A slow or poorly performing website can negatively impact your customer satisfaction, brand and revenues. In a recent consumer survey, nearly one-third of respondents indicated they would abandon a slowly performing website – one that took between 1 and 5 seconds to load. Below are five tips for e-commerce marketers who want to attract and retain customers, as well as maximize conversions, by providing fast, reliable Web experiences that meet consumers' stringent expectations:

1.  Know your users. Different browsers and devices download website content in different ways. Know your customers' online buying habits, including their preferred browsers and devices. Accordingly, if your major source of business comes from Asia, it's far more important to make sure your website performs spectacularly on Internet Explorer (IE) 6 — the most popular browser in that region — not just the more recent IE7 and IE8. The same rule applies to mobile Web browsers — don't optimize solely for the latest iPhone.

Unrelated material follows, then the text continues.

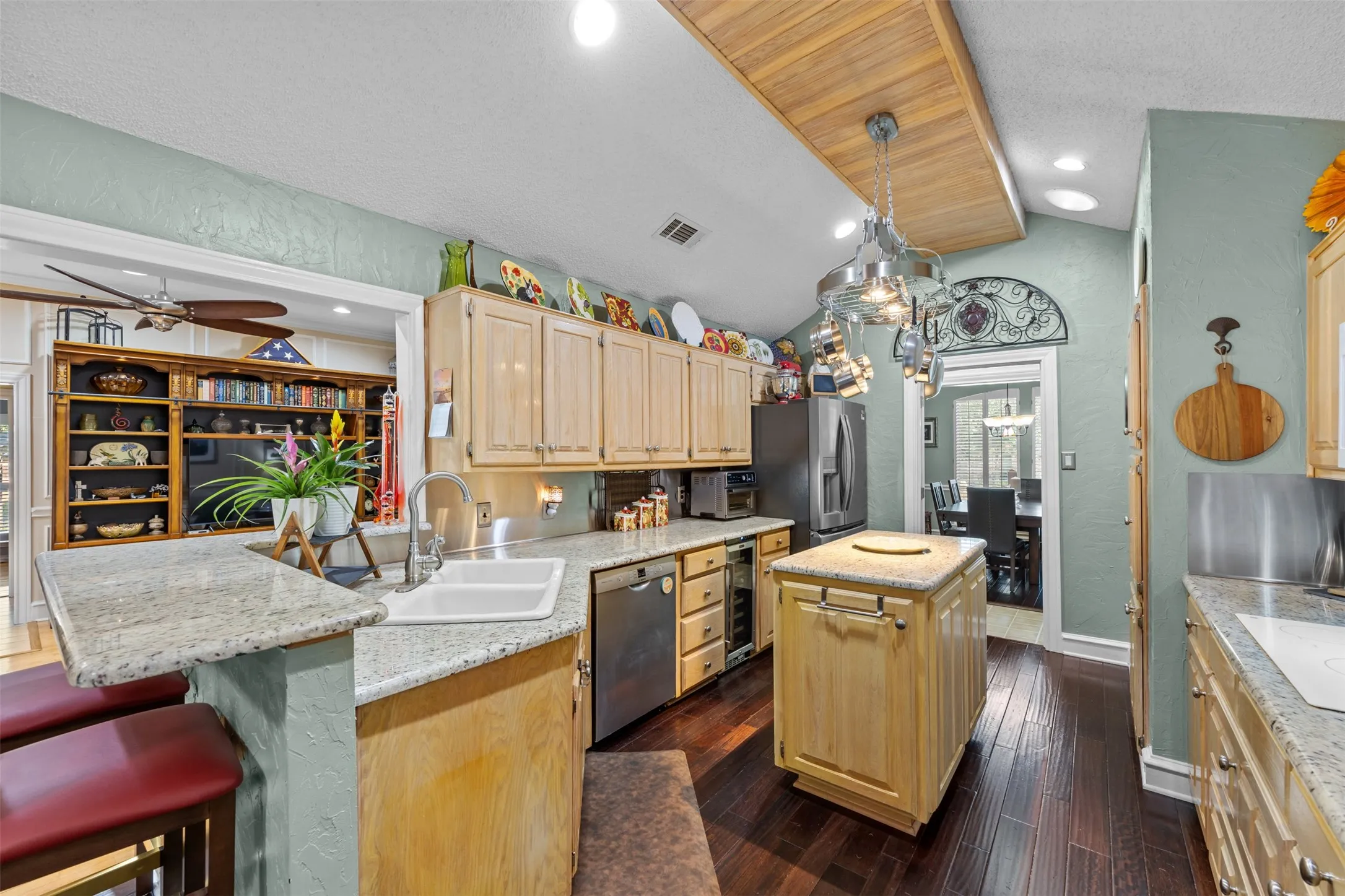 Kitchen featuring light wood cabinetry, granite countertops, a central island, dark wood-finish flooring, and a pot rack light fixture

2.  Optimize what counts. Focus first on the load times of the most critical revenue-generating transactions and pages. New browsers support features that allow you to arrange the load order for site elements. Focus on improving perceived load time (how long it takes for “above the fold,” images and text at the top of the page, to appear) versus raw load time (the time it takes for all page elements to appear, including those elements “below the fold” that aren't immediately visible to visitors). Work with your Web design and development teams to ensure your site gives the impression of speed on your customers' preferred browsers and devices. 

3.  Trust the true user perspective. The most reliable gauge of Web performance comes from studying how users across geographies actually experience your website and applications when subjected to a wide range of variables including ISPs, carriers and devices. Bear that in mind when you consider adding e-marketing content like product images, catalogs, product tours and videos. Remember, users tend to prefer speed over feature richness.

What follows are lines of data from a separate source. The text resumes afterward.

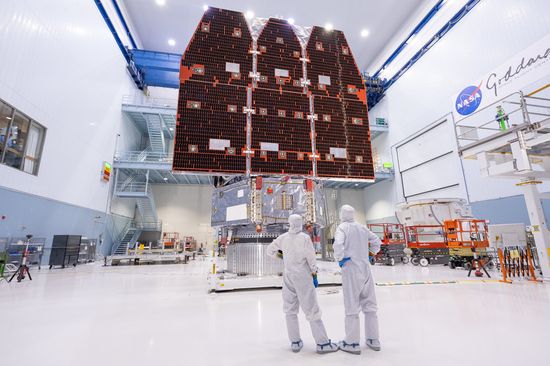 Two bunnysuited engineers stand facing away from the camera in a large clean room at NASA's Goddard Space Flight Center, gazing at flight hardware for the space agency's Nancy Grace Roman Space Telescope.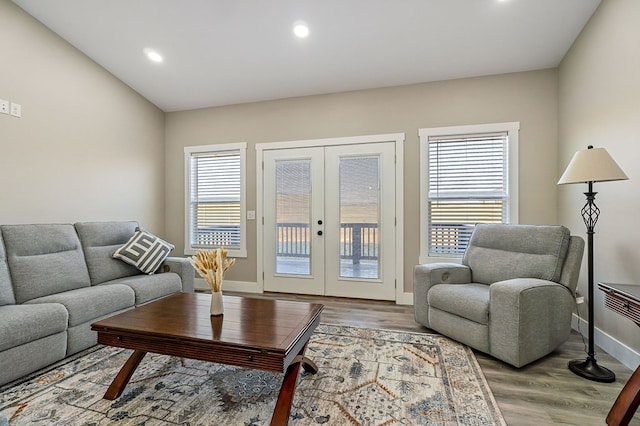 living area featuring wood finished floors, recessed lighting, french doors, and baseboards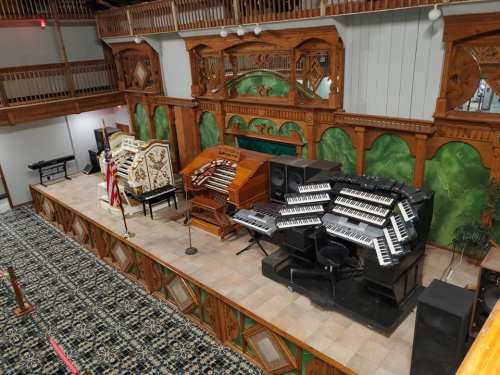A spacious stage featuring multiple organs and keyboards, surrounded by ornate wooden architecture and green decor.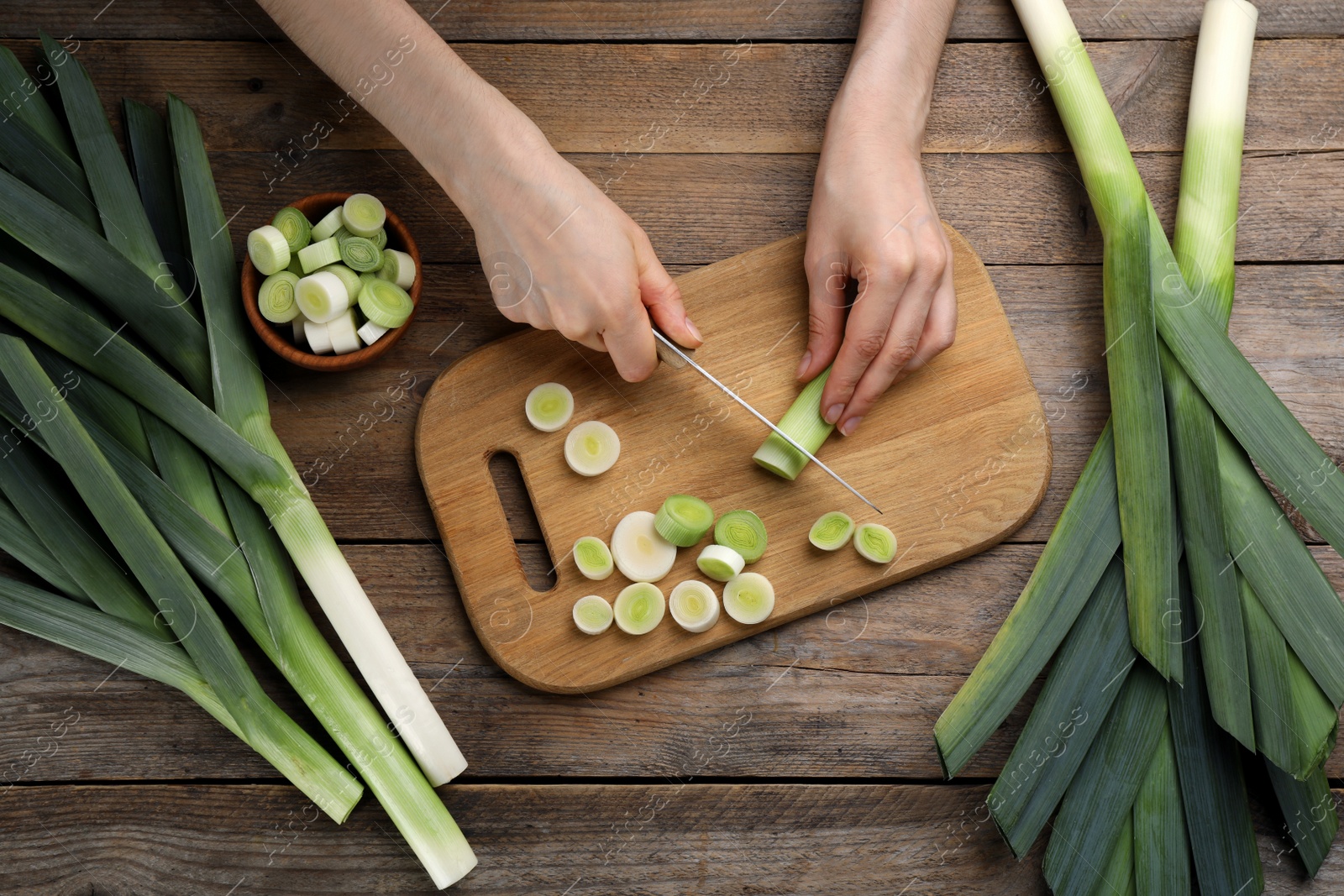 Photo of Woman cutting leek at wooden table, top view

4.  Correlate Web performance to business impact. Many e-commerce marketers assess website effectiveness using metrics like page views and bounce rates, but these metrics fail to directly link Web performance to key revenue indicators and associated business outcomes. These combined metrics can be crucial in efforts to secure IT and executive-level support for Web performance improvement initiatives. As an example, Microsoft's Bing found a 2- second slowdown reduced customer satisfaction by 3.8% and revenue per user by 4.3%. Create a common language that elevates Web performance.

5.  Leverage industry benchmarks. These benchmarks routinely combine data from millions of performance points across hundreds of websites to provide a quick, comprehensive snapshot of industry leaders' Web performance using both traditional PC and mobile platforms. Use this valuable information to determine how your Web experience stacks up. Pinpoint key areas for improvement, validate new investments and measure your progress over time.